Quoted from their website, the Flat Earth Society is  ‘a group actively promoting the Flat Earth Movement worldwide. Descending from Samuel Shenton’s International Flat Earth Research Society, and the Universal Zetetic Society before it, we continue the age-old tradition of questioning the Round Earth doctrine and challenging authorities.’

For those of you who questioned this term just because it sounded like something from Star Trek, Zetetics is a method to make theories based on your own research or experiments instead of believing in the prior knowledge that is already there.

Flat earthers described the shape of the Earth as flat, and round shaped on the surface of the sea. They explained that instead of the Earth rotating around the Sun, it is the Sun that moves all around the surface of the Earth to provide the different time zones. The Sun on the Flat Earth is described to be closer to the surface of the Earth. They use a street lamp to explain that we can see the rays from the light because it is a much closer distance. They also deny any photographic evidence because they said photographs are easily altered, just like how there is a conspiracy theory that the first moonwalk was filmed on set.

It seems that from first glance, and from how the Internet reacted, flat earthers are a source of pure comedy. We judge them as honest believers that would be easily influenced on any sort of conspiracy theories. But, if we look at it from another perspective, some Ancient Greek philosophers used to question the shape of the world. They would come up with various theories, such as the continuous universe, meaning that space is very long.

Honest believers, or just challenging power?

The argument here is that while some flat earthers are honest believers, others conduct independent research or are just there to challenge the prior knowledge discovered by institutions who control how people think.

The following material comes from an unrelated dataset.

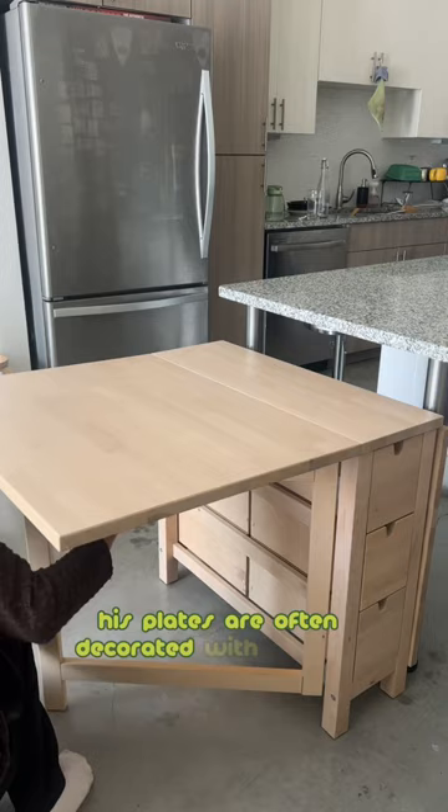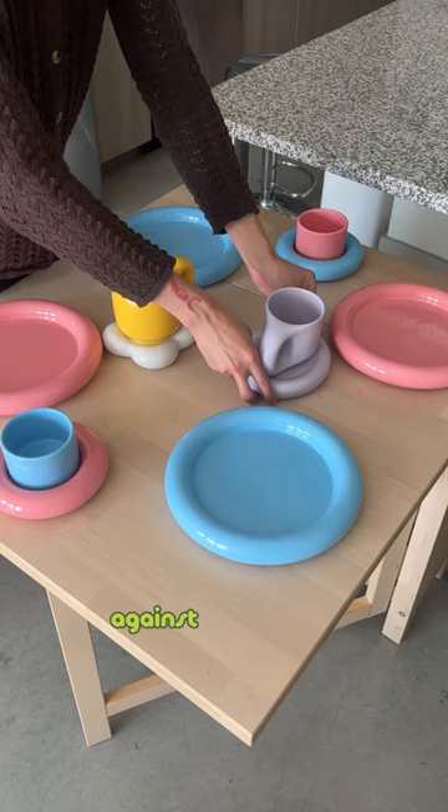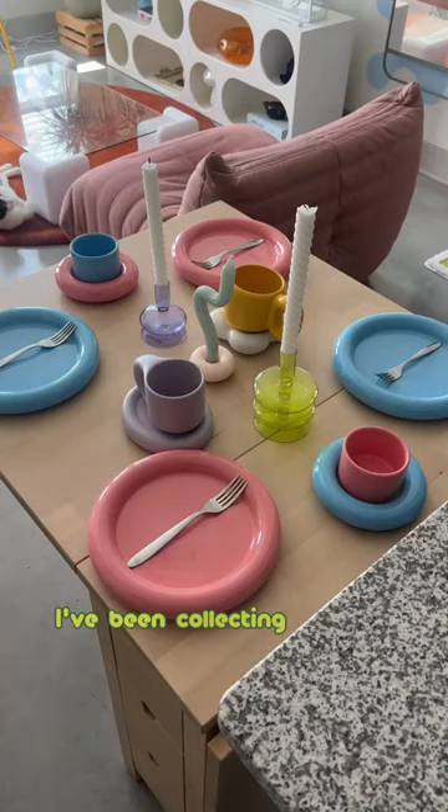His plates are often decorated with simple geometric shapes and bold colors, creating a striking contrast against the white background of the ceramic. I've been collecting chunky objects for a while now and I'm very excited to add them to my collection and use them for my morning coffee.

Michel Foucault is a scholar who always challenges the notion that knowledge is used to claim power. For whatever these academic or research institutions are educating us, they have power over how we think and behave. Take the news media for example, they have the power to change your perceptions with the angle the present information.

Flat earthers who challenge the power just wanted to prove to people that they are doing their own independent research on what the Earth looks like, from the traditional plane disk or even a diamond or a frisbee or any kind of shape with a flat surface, but not a round spherical planet. Flat earther Mike Hughes, even went to the great lengths of launching himself up in a rocket, but was only propelled 600 meters into the California sky before parachuting back to the surface.

To me, flat earthers are fascinating. They reminded me of a show about a crew of scientists trying to prove or debunk any sort of conspiracy theories from legends like Bigfoot, to ghosts or the extraterrestrial. The Flat Earth Society motto is ‘In Veritate Victoria’, or ‘In Truth is Victory’, shows that the idealism of flat earthers is they just want to continue their own independent research to find the truth, getting closer to the truth and experiencing it from your own research feels like you gain your own power.

Do I believe that the Earth is flat? I wholeheartedly believe that the Earth is round and it rotates around the Sun and mankind will soon go on a space expedition to Mars. But, learning about how flat earthers romanticise the idea of independent research and knowledge inspired me to be more thorough and see things from a different perspective.